I adored the Wikipedia when it was first launched and I contributed to a number of articles, some extensively, and always anonymously. The Wikipedia then was a riot of contributors, each adding bits and pieces to the articles they were familiar with, with nary an admin or editor in sight.

It worked and grew because it tapped into the heretofore unmarshaled energies of the uncredentialed. The thesis procrastinators, the history buffs, the passionate fans of the alternate universes of Garth Nix, Robotech,
Half-Life,
P. G. Wodehouse,
Battlestar Galactica, Buffy the Vampire Slayer,
Charles Dickens, or Ultraman—all those people who hoped that their years of collecting comics or reading novels or staring at TV screens hadn’t been a waste of time—would pour the fruits of their brains into Wikipedia, because Wikipedia added up to something. This wasn’t like writing reviews on Amazon, where you were just one of a million people urging a tiny opinion and a Listmania list onto the world—this was an effort to build something that made sense apart from one’s own opinion, something that helped the whole human cause roll forward.

Wikipedia was the point of convergence for the self-taught and the expensively educated. The cranks had to consort with the mainstreamers and hash it all out—and nobody knew who really knew what he or she was talking about, because everyone’s identity was hidden behind a jokey username. All everyone knew was that the end product had to make legible sense and sound encyclopedic. It had to be a little flat—a little generic—fair-minded—compressed—unpromotional—neutral.

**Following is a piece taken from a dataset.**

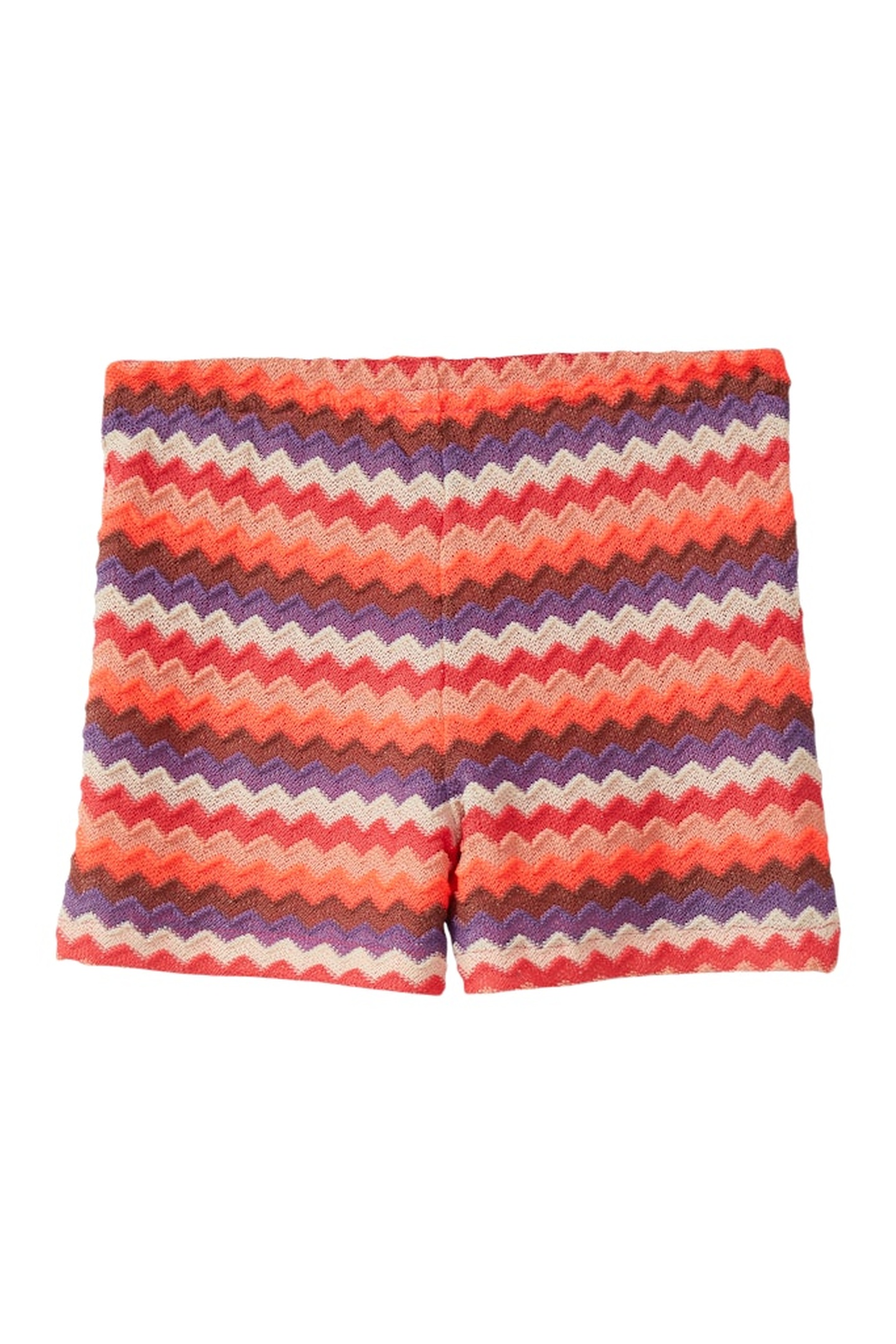s.Oliver Leggings Shorts Orange Maat: 116 | Broeken Outlet | Unisex | Oranje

The need for the outcome of all edits to fit together as readable, unemotional sentences muted—to some extent—natural antagonisms. So there was this exhilarating sense of mission—of proving the greatness of the Internet through an unheard-of collaboration. Very smart people dropped other pursuits and spent days and weeks and sometimes years of their lives doing “stub dumps,” writing ancillary software, categorizing and linking topics, making and remaking and smoothing out articles—without getting any recognition except for the occasional congratulatory barnstar on their user page and the satisfaction of secret fame. Wikipedia flourished partly because it was a shrine to altruism—a place for shy, learned people to deposit their trawls.